Maybe, I can put it this way: If I want to learn about the rust compiler I shouldn’t be required to look into the source code and search for README files. However, when I’m trying to understand some actual code, helpful documentation should be nearby.

I’m happy to hear your thoughts about this :slight_smile:


#10

100% agree… It took me a long time to find the README files. Is the forge even updated? I got the impression it was outdated.


#11

This was basically my intention, sorry if I did not make this clear. The idea is that the content should be high-level enough that it mostly stays up to date except when there are major revisions to how the compiler works.

But this does remind me: maintenance is an issue! I don’t know that we have to discuss it here, but I think we have to figure out some way to review the book and ensure that the content stays “in sync” when changes are going into the system.

If nothing else, just knowing that it exists and having reviewers – when a major refactoring is taking place – cross-reference is good, but it’d be nice if there was a tool that helped us do better.


#12

I should have mentioned that. However, I was only aware of @Manishearth’s docs, and I believe that they would prefer to get out of the business of hosting. The general tracking issue for this is https://github.com/rust-lang/rust/issues/29893, and in particular @alexcrichton posted some specific instructions on what it would take to get “always complete” docs that are updated after every PR.


#13

Hmm, so the idea of being able to check cross-references is really good. I like that.
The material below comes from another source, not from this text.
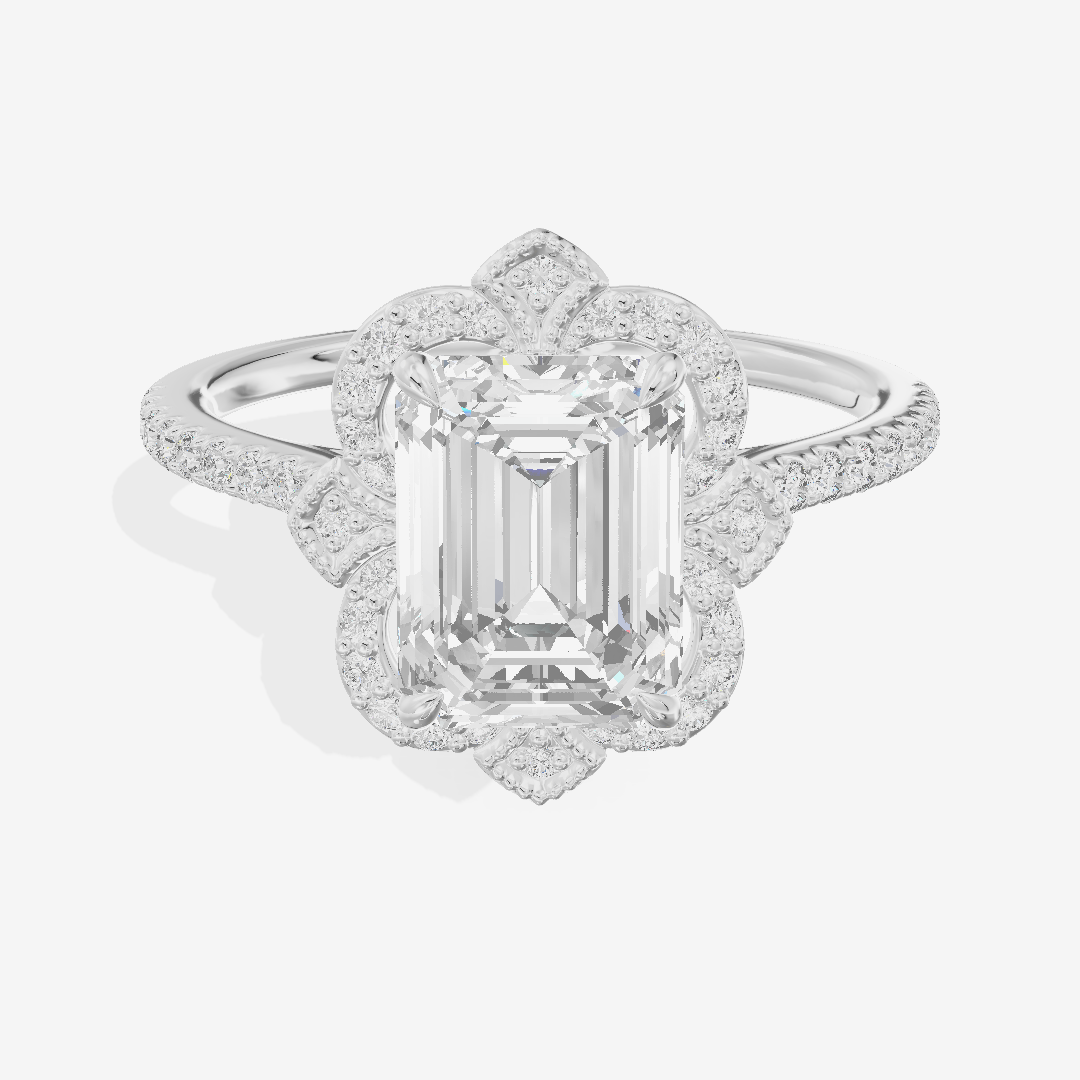 Selenia Halo Emerald Engagement Ring (1/6 ct. tw.) in 14K White Gold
I had forgotten about this issue.

In particular, I would like if it we are able to create various kinds of links between the book and the compiler source:

  • From the book:
    • Reference particular files as well as tests
    • Reference method and type names (e.g., ty::Ty<'tcx>)
    • Maybe even quote sections of the code
  • From the source:
    • Identify a chapter in the book
    • Reference test files

These links would be checked, so that if a method or type is renamed, but the book is not updated, the build fails.
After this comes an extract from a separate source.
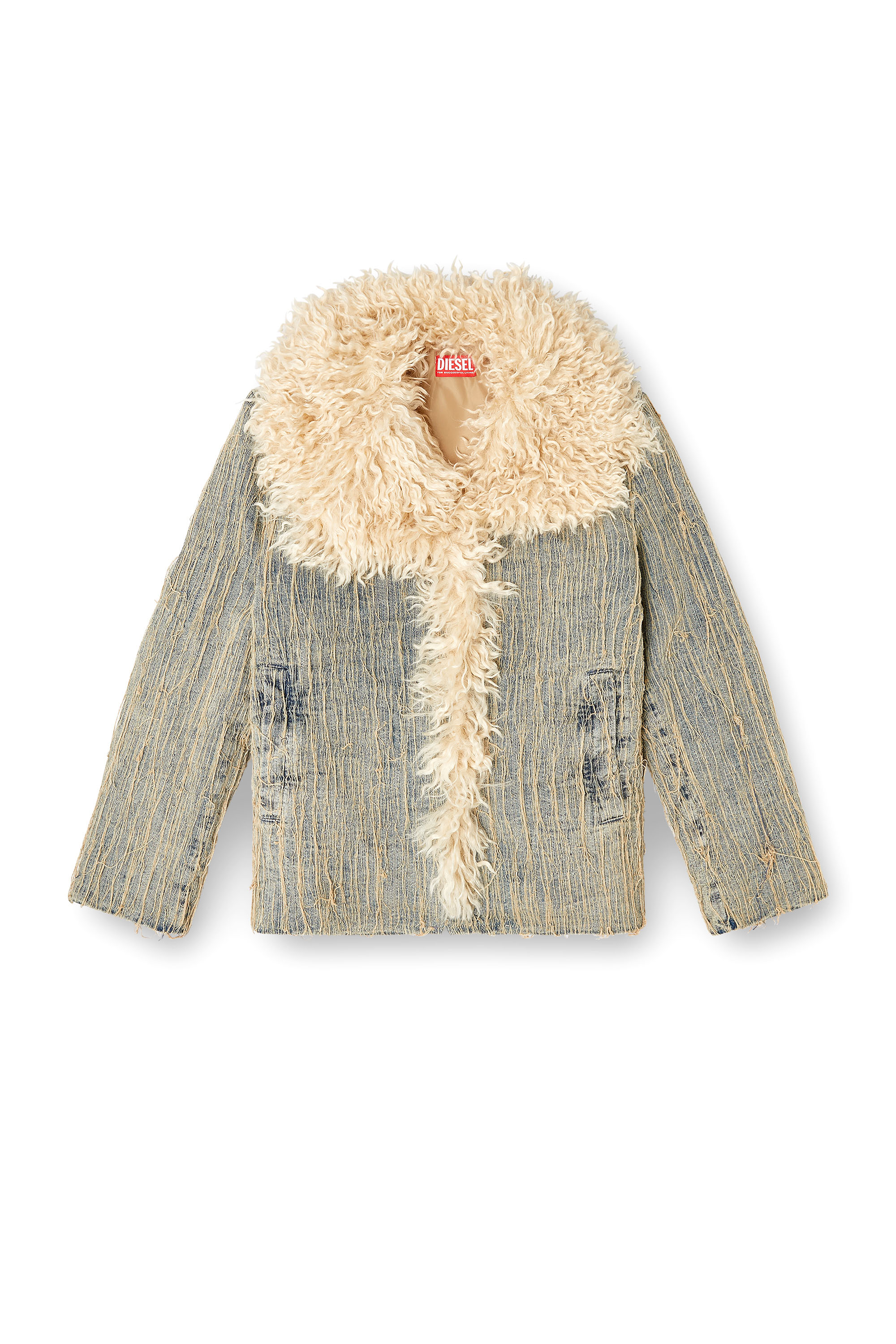 Diesel - DE-ACONIC-S, Chaqueta de denim jacquard con hilos flotantes Mujer in Azul marino - 3
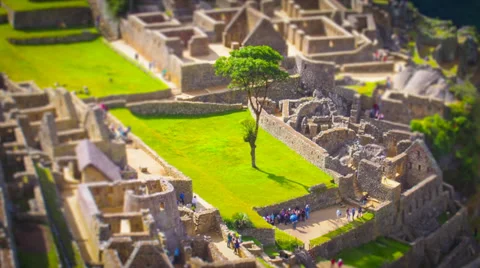 Machu Picchu wide angle in time lapse showing people and tree moving around Stock Footage 33832727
Do we have any capabilities like that already? What exactly are we checking now?


#14

Great idea.

A related question: (Since our documentation, including books is mostly based on Markdown) i wonder if there’s a Markdown-based i18n framework? I feel bad that rust-www or the books got many independent copies in varying languages, people bother checking and keeping them sync from time to time. Is it possible to integrate all the translations somehow?


#15

Have you given any thought to how you might like to handle diagramming in such a book?

Options include:

  • Graphviz
  • Mermaid
  • TikZ
  • Inline SVG (ugh…)
  • Bitmaps
  • Ascii-Art (coupled with pre-selected Ascii-Art → SVG converter)
    • Options for converters include svgbobrus, a2s, markdeep, my own mon-artist

My suspicion is that it might be a mistake to force contributors to use any one option in all instances. But at the same time, suggesting one option to start with may help achieve a uniform presentation.


#16

It’s being worked on.


#17

I had not thought about it. =) The obvious answer of course is mon-artist :stuck_out_tongue:


#18

I think prototyping it out of tree then merging it in after it’s in a good state is a really good idea, much like how incremental builds were done. This would allow getting the meat of it done then later actually having it updated as certain parts of the compiler change when it’s in tree allowing that atomicity.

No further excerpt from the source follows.